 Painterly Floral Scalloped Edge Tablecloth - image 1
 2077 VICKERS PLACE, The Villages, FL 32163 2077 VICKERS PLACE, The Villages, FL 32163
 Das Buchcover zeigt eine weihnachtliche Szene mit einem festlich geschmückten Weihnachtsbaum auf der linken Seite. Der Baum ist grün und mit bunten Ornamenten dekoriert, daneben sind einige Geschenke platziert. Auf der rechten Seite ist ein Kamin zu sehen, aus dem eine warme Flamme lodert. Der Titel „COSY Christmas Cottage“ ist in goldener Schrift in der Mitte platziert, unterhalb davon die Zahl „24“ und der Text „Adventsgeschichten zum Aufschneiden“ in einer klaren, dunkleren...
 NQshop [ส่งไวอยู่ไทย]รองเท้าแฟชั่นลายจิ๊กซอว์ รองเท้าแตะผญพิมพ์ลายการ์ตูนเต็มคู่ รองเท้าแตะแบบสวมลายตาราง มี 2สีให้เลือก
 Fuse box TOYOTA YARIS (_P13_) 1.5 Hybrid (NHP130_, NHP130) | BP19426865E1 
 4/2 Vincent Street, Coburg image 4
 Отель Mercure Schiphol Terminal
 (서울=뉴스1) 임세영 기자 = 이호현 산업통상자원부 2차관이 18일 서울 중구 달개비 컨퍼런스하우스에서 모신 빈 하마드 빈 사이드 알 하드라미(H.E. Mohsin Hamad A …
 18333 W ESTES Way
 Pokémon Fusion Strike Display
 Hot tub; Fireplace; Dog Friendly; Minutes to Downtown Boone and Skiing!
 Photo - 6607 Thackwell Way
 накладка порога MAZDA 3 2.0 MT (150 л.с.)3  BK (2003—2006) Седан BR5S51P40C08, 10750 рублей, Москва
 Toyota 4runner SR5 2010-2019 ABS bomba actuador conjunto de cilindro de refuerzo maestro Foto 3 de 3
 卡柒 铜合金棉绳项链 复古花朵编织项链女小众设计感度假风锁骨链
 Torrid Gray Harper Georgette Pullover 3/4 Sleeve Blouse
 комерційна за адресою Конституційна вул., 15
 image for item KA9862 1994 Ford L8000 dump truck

About this exercise: Return the entries above word for word.

Answer below:
 Painterly Floral Scalloped Edge Tablecloth - image 1
 2077 VICKERS PLACE, The Villages, FL 32163 2077 VICKERS PLACE, The Villages, FL 32163
 Das Buchcover zeigt eine weihnachtliche Szene mit einem festlich geschmückten Weihnachtsbaum auf der linken Seite. Der Baum ist grün und mit bunten Ornamenten dekoriert, daneben sind einige Geschenke platziert. Auf der rechten Seite ist ein Kamin zu sehen, aus dem eine warme Flamme lodert. Der Titel „COSY Christmas Cottage“ ist in goldener Schrift in der Mitte platziert, unterhalb davon die Zahl „24“ und der Text „Adventsgeschichten zum Aufschneiden“ in einer klaren, dunkleren...
 NQshop [ส่งไวอยู่ไทย]รองเท้าแฟชั่นลายจิ๊กซอว์ รองเท้าแตะผญพิมพ์ลายการ์ตูนเต็มคู่ รองเท้าแตะแบบสวมลายตาราง มี 2สีให้เลือก
 Fuse box TOYOTA YARIS (_P13_) 1.5 Hybrid (NHP130_, NHP130) | BP19426865E1 
 4/2 Vincent Street, Coburg image 4
 Отель Mercure Schiphol Terminal
 (서울=뉴스1) 임세영 기자 = 이호현 산업통상자원부 2차관이 18일 서울 중구 달개비 컨퍼런스하우스에서 모신 빈 하마드 빈 사이드 알 하드라미(H.E. Mohsin Hamad A …
 18333 W ESTES Way
 Pokémon Fusion Strike Display
 Hot tub; Fireplace; Dog Friendly; Minutes to Downtown Boone and Skiing!
 Photo - 6607 Thackwell Way
 накладка порога MAZDA 3 2.0 MT (150 л.с.)3  BK (2003—2006) Седан BR5S51P40C08, 10750 рублей, Москва
 Toyota 4runner SR5 2010-2019 ABS bomba actuador conjunto de cilindro de refuerzo maestro Foto 3 de 3
 卡柒 铜合金棉绳项链 复古花朵编织项链女小众设计感度假风锁骨链
 Torrid Gray Harper Georgette Pullover 3/4 Sleeve Blouse
 комерційна за адресою Конституційна вул., 15
 image for item KA9862 1994 Ford L8000 dump truck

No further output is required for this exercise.